**TASK DETAILS**
Below is a listing from which only part is wanted; return exactly the lines from the one with "NWOT Heart Soul" up to and including the one with "Disegno dell'illustrazione della".

-*-*-

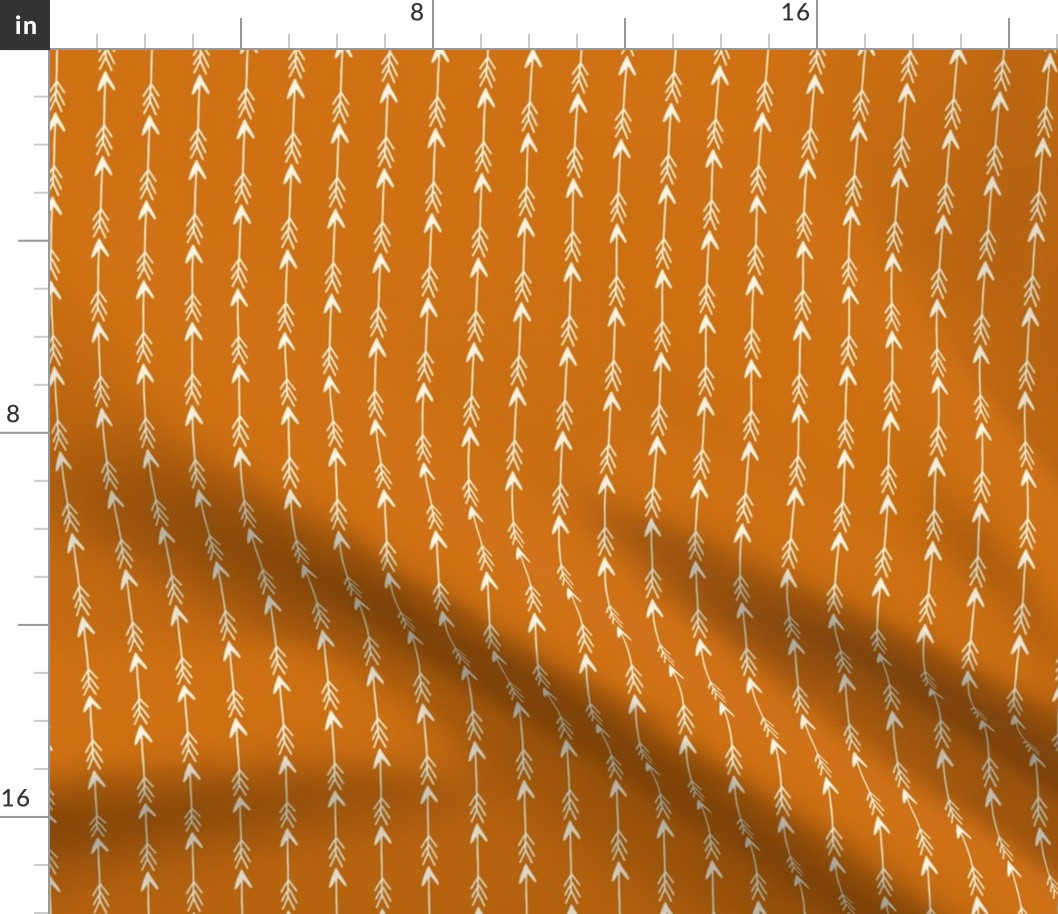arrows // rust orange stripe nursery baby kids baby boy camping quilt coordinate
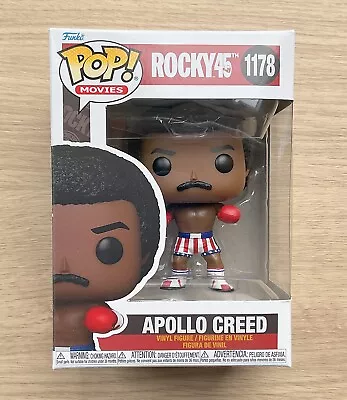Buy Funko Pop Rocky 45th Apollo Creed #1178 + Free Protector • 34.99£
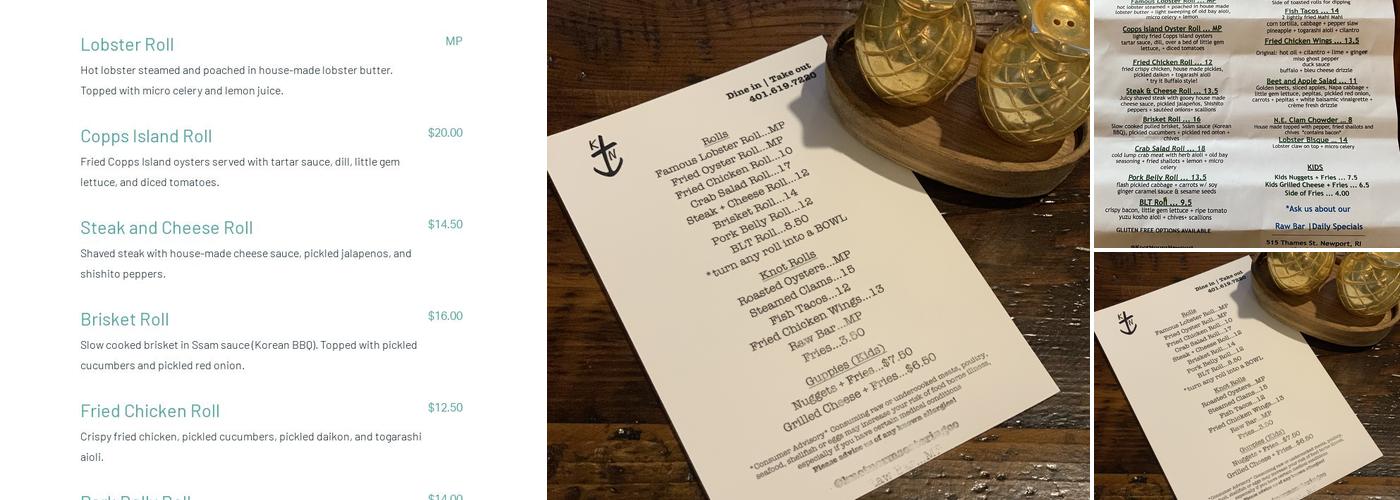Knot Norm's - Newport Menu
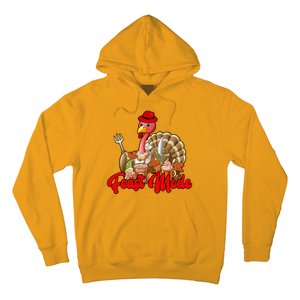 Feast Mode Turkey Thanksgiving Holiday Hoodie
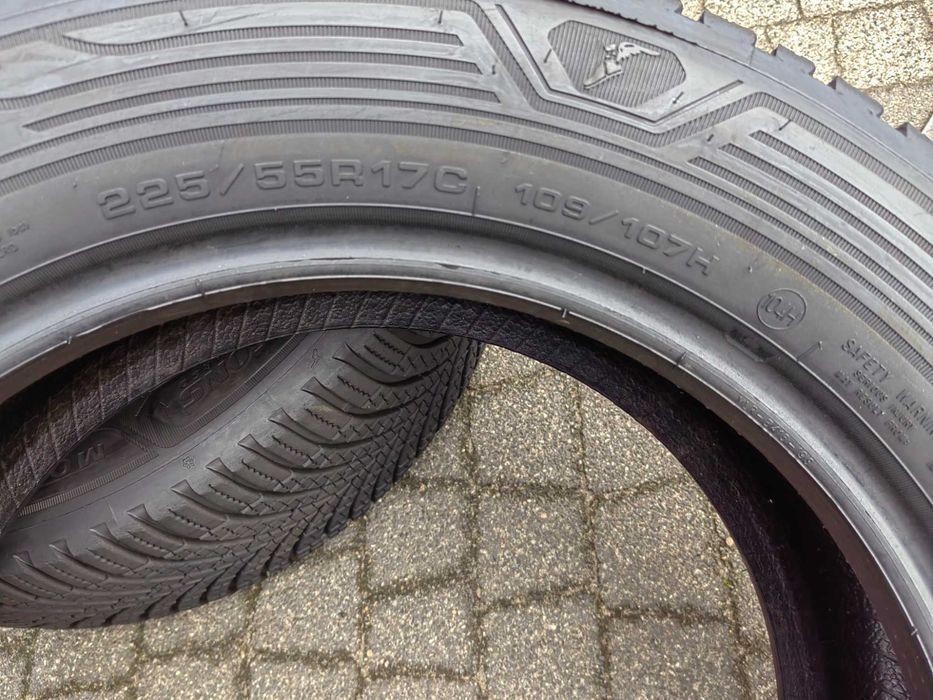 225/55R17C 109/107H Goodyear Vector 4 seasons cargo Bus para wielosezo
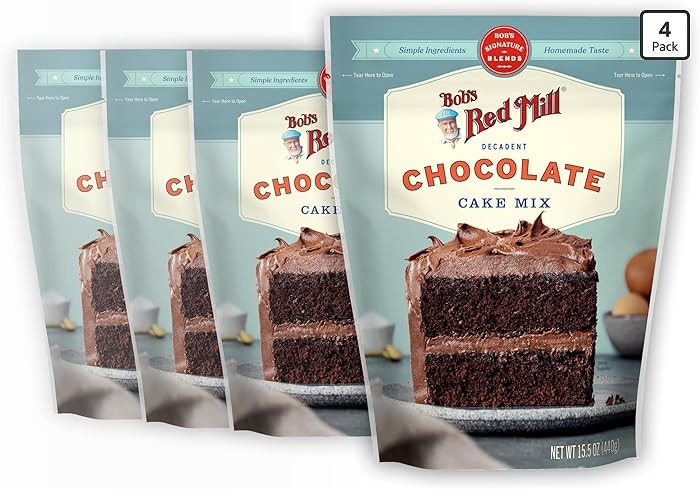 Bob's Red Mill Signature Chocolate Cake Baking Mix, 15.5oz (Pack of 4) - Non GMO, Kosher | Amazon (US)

-*-*-

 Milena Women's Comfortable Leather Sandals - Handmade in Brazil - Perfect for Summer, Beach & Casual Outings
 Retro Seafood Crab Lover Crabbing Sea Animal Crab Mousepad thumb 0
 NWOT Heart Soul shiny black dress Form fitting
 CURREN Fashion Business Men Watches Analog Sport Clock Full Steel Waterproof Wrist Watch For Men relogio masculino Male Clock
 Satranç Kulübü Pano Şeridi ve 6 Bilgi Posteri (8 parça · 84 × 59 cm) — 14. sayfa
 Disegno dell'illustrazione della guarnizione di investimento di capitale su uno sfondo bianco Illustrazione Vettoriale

-*-*-

**EXPECTED ANSWER**
 NWOT Heart Soul shiny black dress Form fitting
 CURREN Fashion Business Men Watches Analog Sport Clock Full Steel Waterproof Wrist Watch For Men relogio masculino Male Clock
 Satranç Kulübü Pano Şeridi ve 6 Bilgi Posteri (8 parça · 84 × 59 cm) — 14. sayfa
 Disegno dell'illustrazione della guarnizione di investimento di capitale su uno sfondo bianco Illustrazione Vettoriale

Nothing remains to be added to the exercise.